Crawled caption data

===

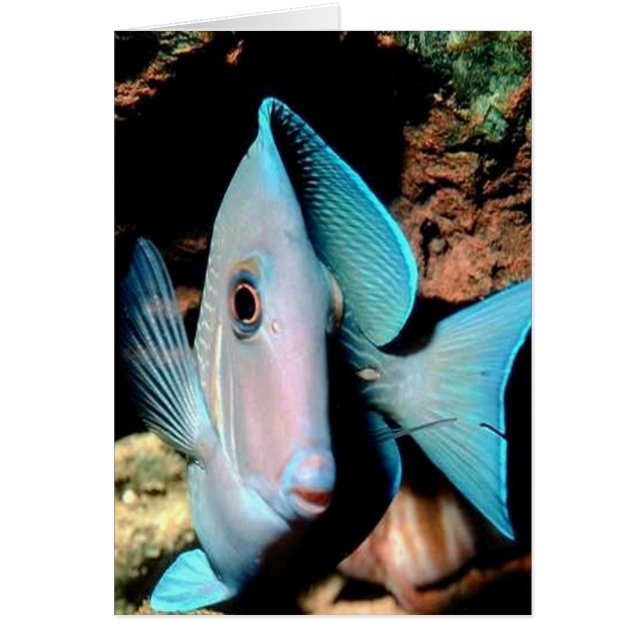 Blauer Fisch (Vorne)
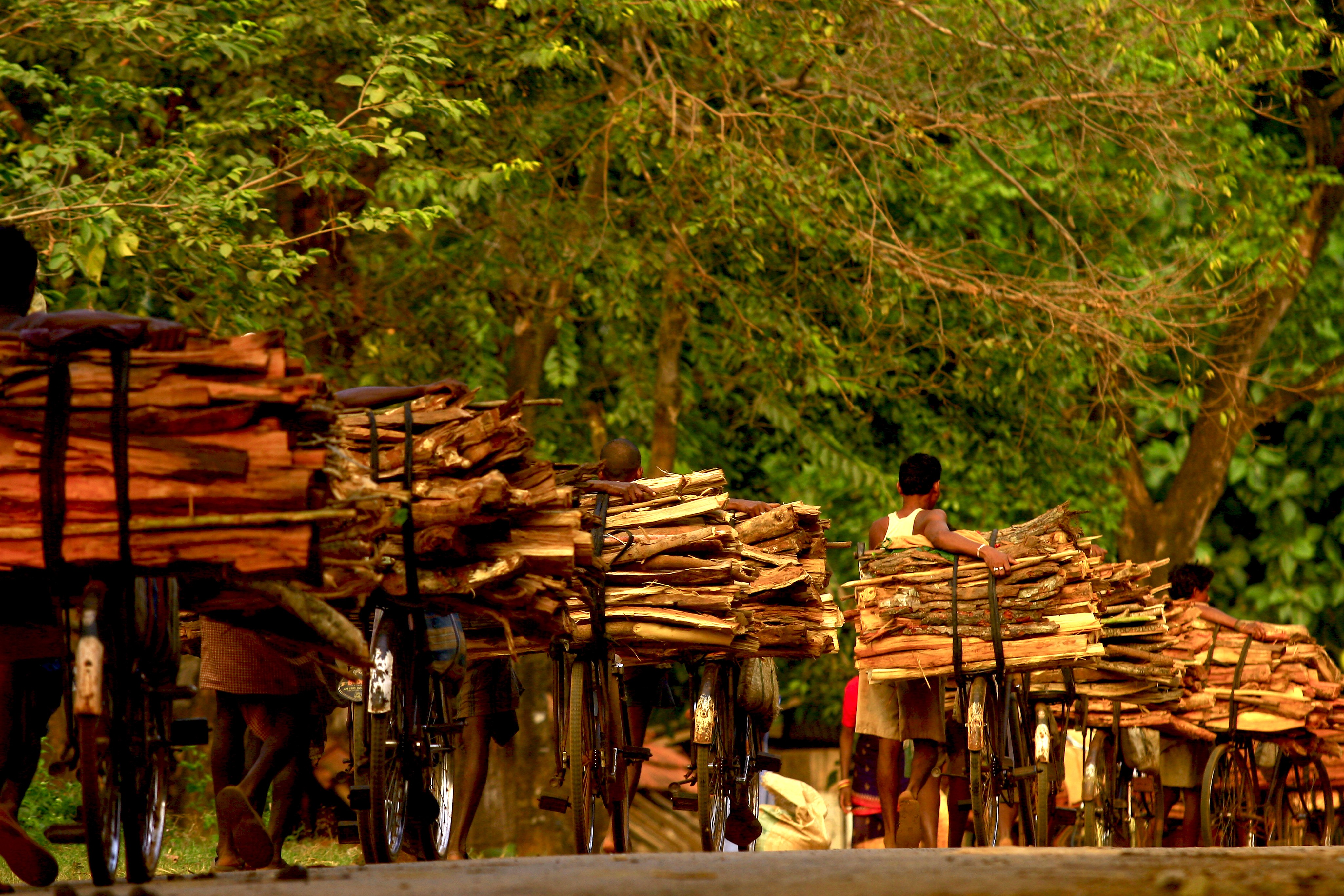 Dominique Leroy, Vélo et bois de santal. Inde Dominique Leroy, Vélo et bois de santal. Inde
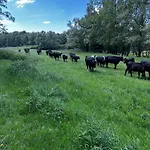 Uilehoeve Aan De Waal * Zennewijnen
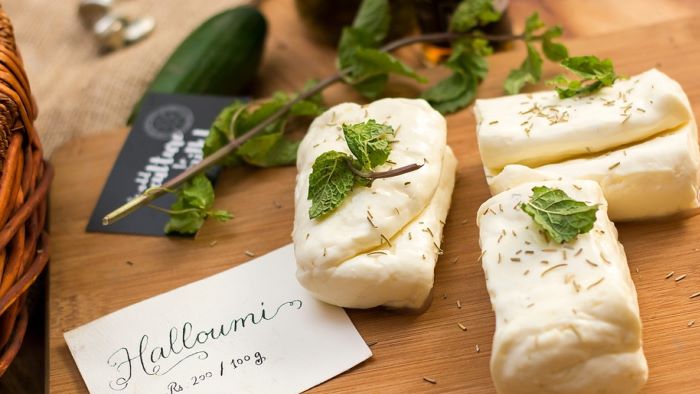 Can Dogs Eat Halloumi? Is It Safe for Your Dogs? - WeWantDogs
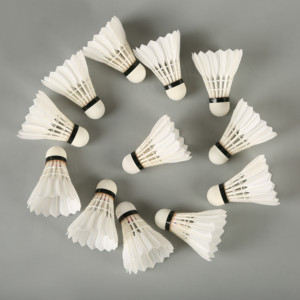 Sınıf A kaz tüyü badminton tüy uçak raketle <span class=keywords><strong>eg1130</strong></span>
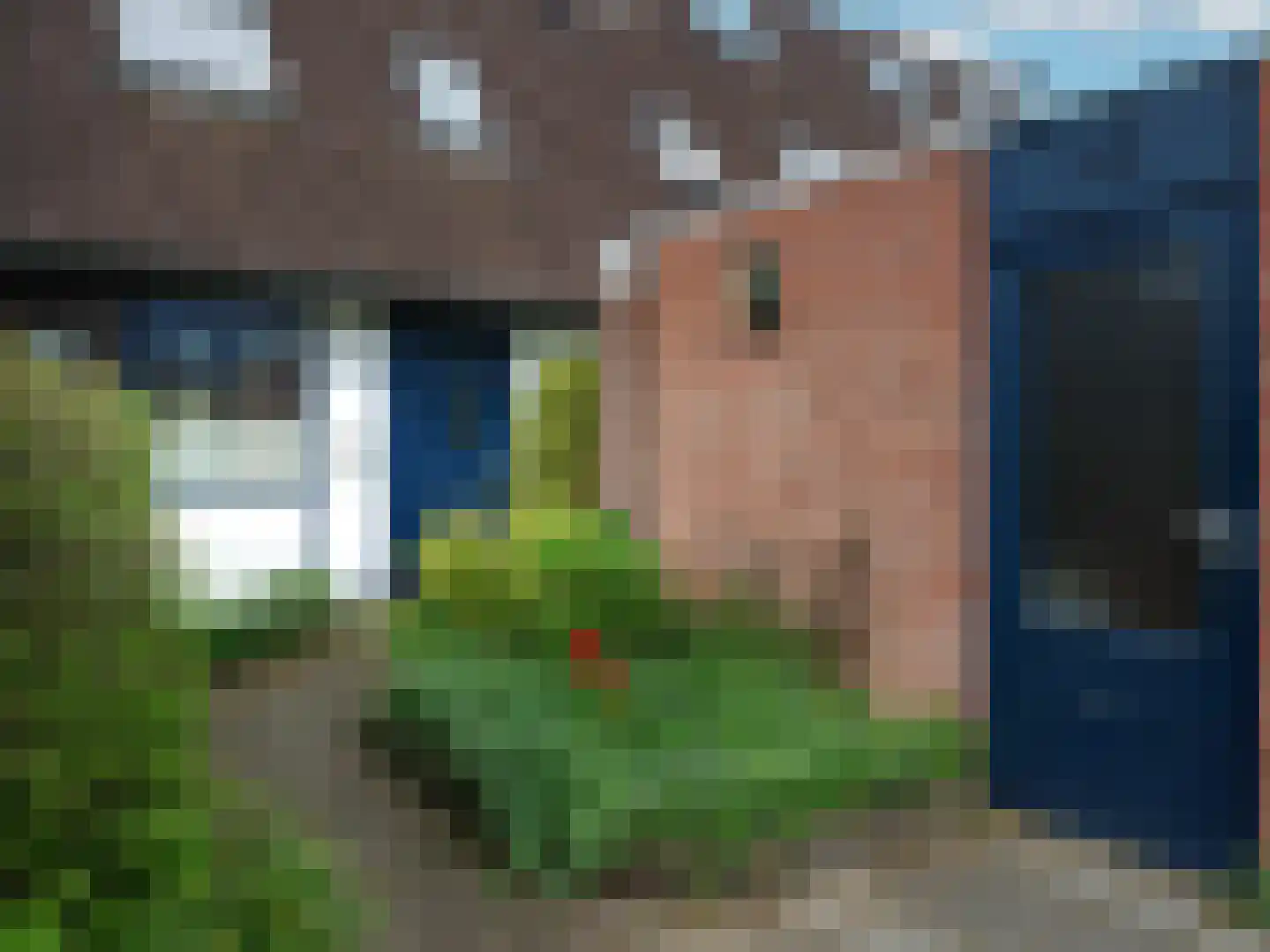 Hegdambroek 1315 Nijmegen thumbnail 27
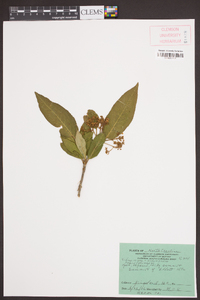 Viburnum cassinoides image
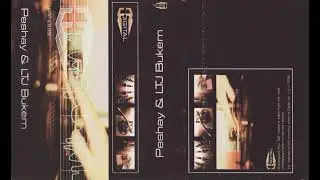 LTJ Bukem & Peshay (circa 1998)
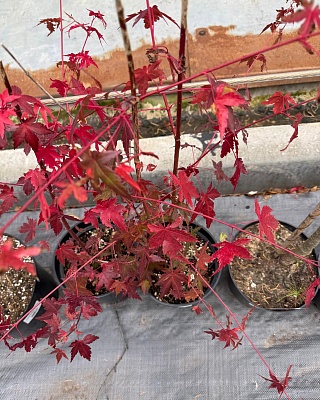 Клен веерный (дланевидный) C5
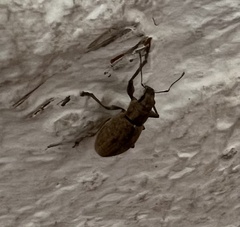 Naupactus versatilis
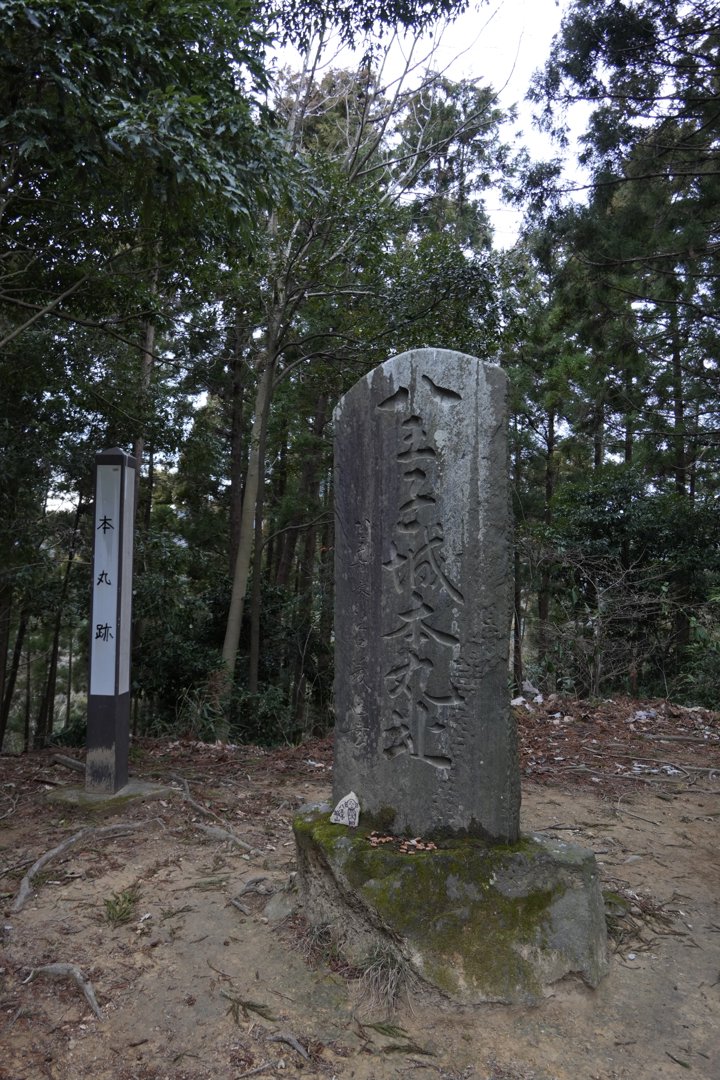 RockLin 分享的打卡照片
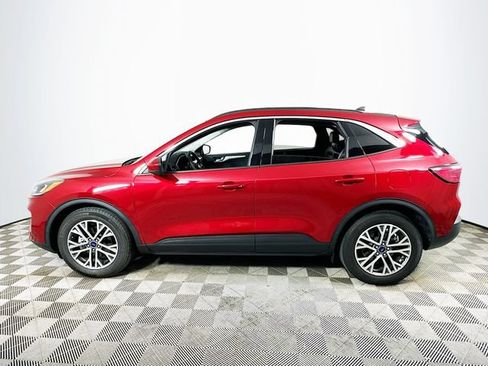Used 2022 Ford Escape SEL FWD image 6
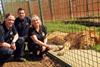The ropes have been recycled for use as scratch posts by lions and leopards in a big cat sanctuary in Kent, UK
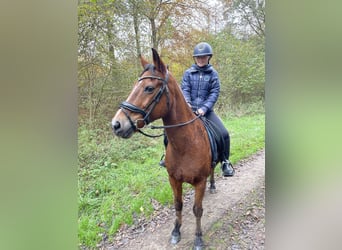 Poni New Forest, Caballo castrado, 19 años, 146 cm, Castaño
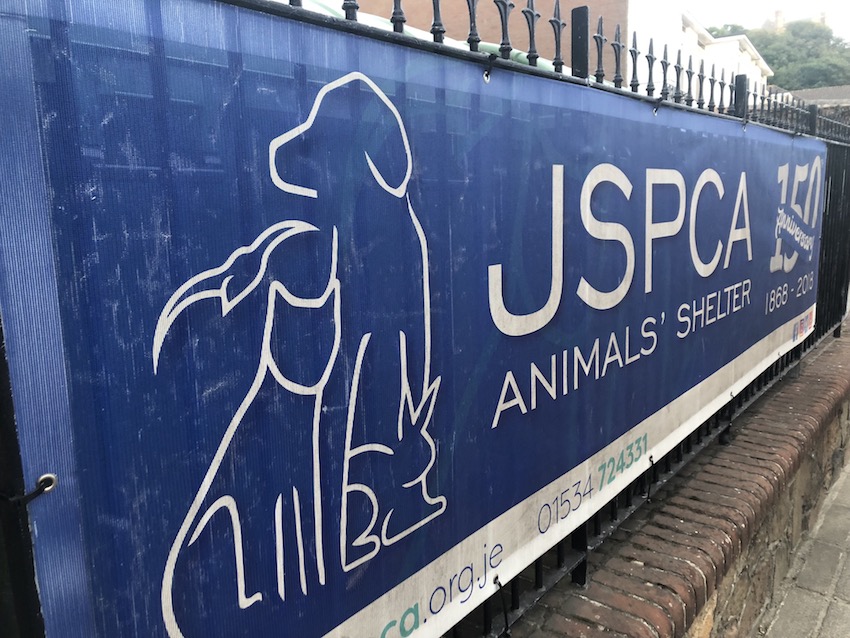 JSPCA_Animals_Shelter_charity.JPG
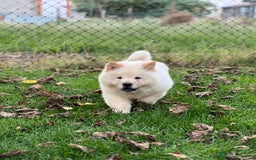 Chow Chow perros en venta: Chow chow - Anuncio 1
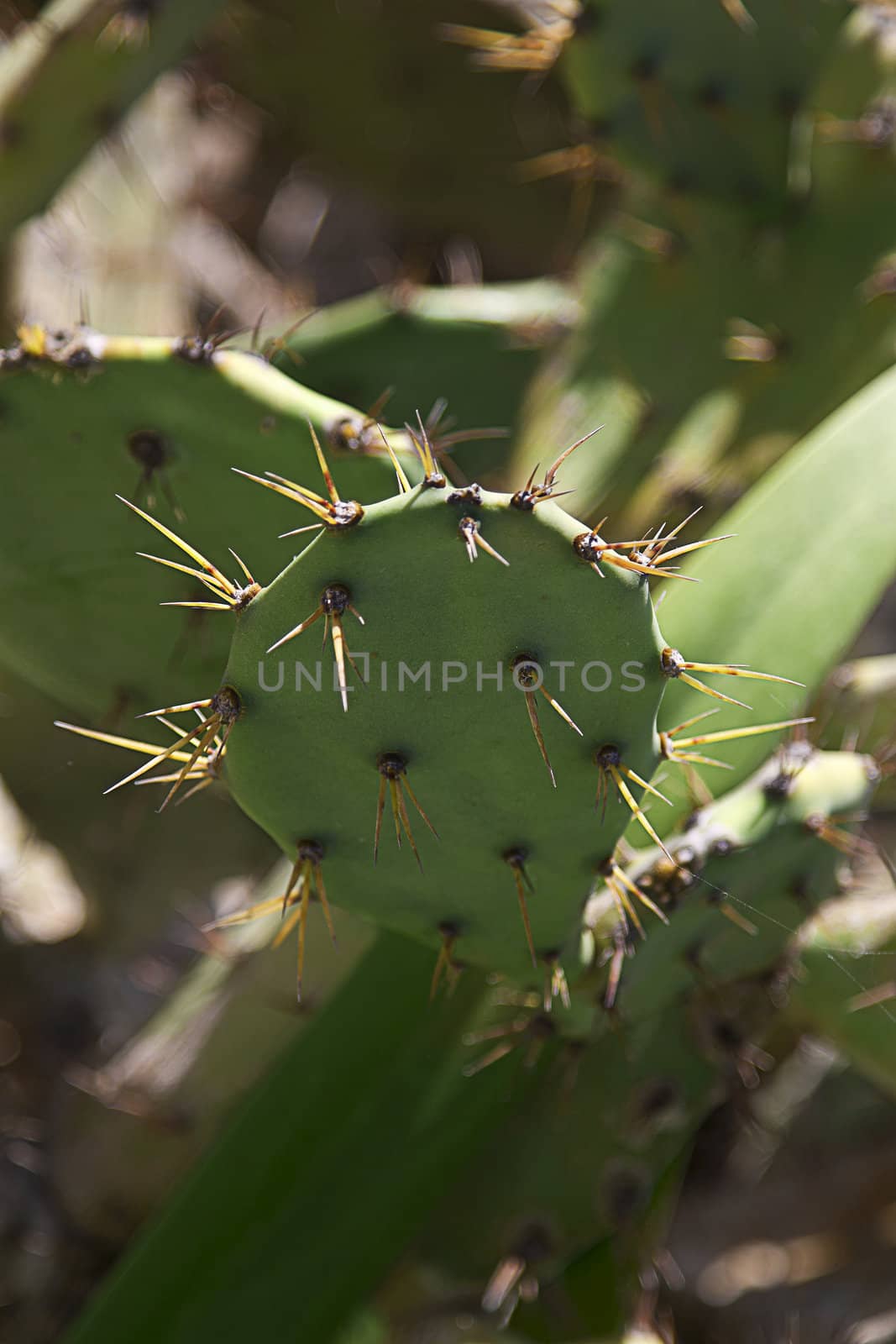 Close up of a cactus leaf fill with needle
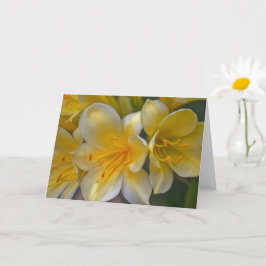 Vackert Cream Gult Guld Lily Flowers Art Card Kort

===

* **ABOUT THIS EXERCISE**: Your copy should hold the lines from the one with "Uilehoeve Aan De Waal * Zennewijnen" up to and including the one with "JSPCA_Animals_Shelter_charity.JPG", exactly as in the data above, and no pictures.

* **RESPONSE TO THIS TASK**:
 Uilehoeve Aan De Waal * Zennewijnen
 Can Dogs Eat Halloumi? Is It Safe for Your Dogs? - WeWantDogs
 Sınıf A kaz tüyü badminton tüy uçak raketle <span class=keywords><strong>eg1130</strong></span>
 Hegdambroek 1315 Nijmegen thumbnail 27
 Viburnum cassinoides image
 LTJ Bukem & Peshay (circa 1998)
 Клен веерный (дланевидный) C5
 Naupactus versatilis
 RockLin 分享的打卡照片
Used 2022 Ford Escape SEL FWD image 6
The ropes have been recycled for use as scratch posts by lions and leopards in a big cat sanctuary in Kent, UK
 Poni New Forest, Caballo castrado, 19 años, 146 cm, Castaño
 JSPCA_Animals_Shelter_charity.JPG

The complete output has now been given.